To help stimulate economic and environmental regeneration in Balham’s town centre, we developed an urban design strategy for Balham High Road, in south London. Won in a competition staged by Wandsworth Council and The Balham Partnership, and supported by the Mayor of London, the scheme comprises four projects – enhancing the railway bridge environment to increase footfall and unlock the potential of the areas adjacent to it; public realm improvements to Hildreth Street to make it a vibrant market and café strip; public realm improvements to Balham Community Space; and a creative solution to the ‘Ugly Wall’ – a prominent but unattractive flank wall that has huge potential to help link together Balham’s public spaces, promote Balham’s identity and encourage visitors to explore Balham.
The scheme has an overriding material and art strategy which links all the projects together helping to enhance Balham’s identity.
Team: Tod Hanson (Artist) / Modus Operandi (Arts Consultant) / Alan Baxters Associates (Structures, Highways, Civil) / Spiers and Major (Lighting) / Lindsey Whitelaw (Soft Landscape) / WT Partnership (Cost Consultant) / Urban Space Management (Street Market Consultant)
Collaborators: Tod Hanson
"The project transformed the spaces involved. Hildreth Street is now a vibrant, thriving street where the shop units are very much in demand, a big change from the high vacancy rate which previously prevailed."

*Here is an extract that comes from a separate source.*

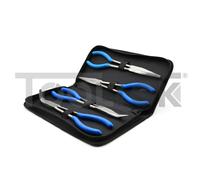 SET 4pz PINZE EXTRA LUNGHE 280mm PUNTA DRITTA E PIEGATA GEKO G00826 TOOLTEK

Working with an Artist. A design strategy links the four projects using a common approach to materiality and public art. It was generated using a consultation process and site analysis to create something unique to Balham. London-based artist Tod Hanson was appointed using a shortlisting process managed by Modus Operandi. The brief encouraged site-specificity and an interrelationship with the communities and residents of Balham as key principles.
Green faience tiling, a material familiar from its use on London Underground, and in particular the Northern Line on which Balham sits, was chosen as a key linking material. The depth and richness of colour in the glaze brings an opulence and tactile quality – which is unexpected, bringing an element of ‘delight’ to the town centre.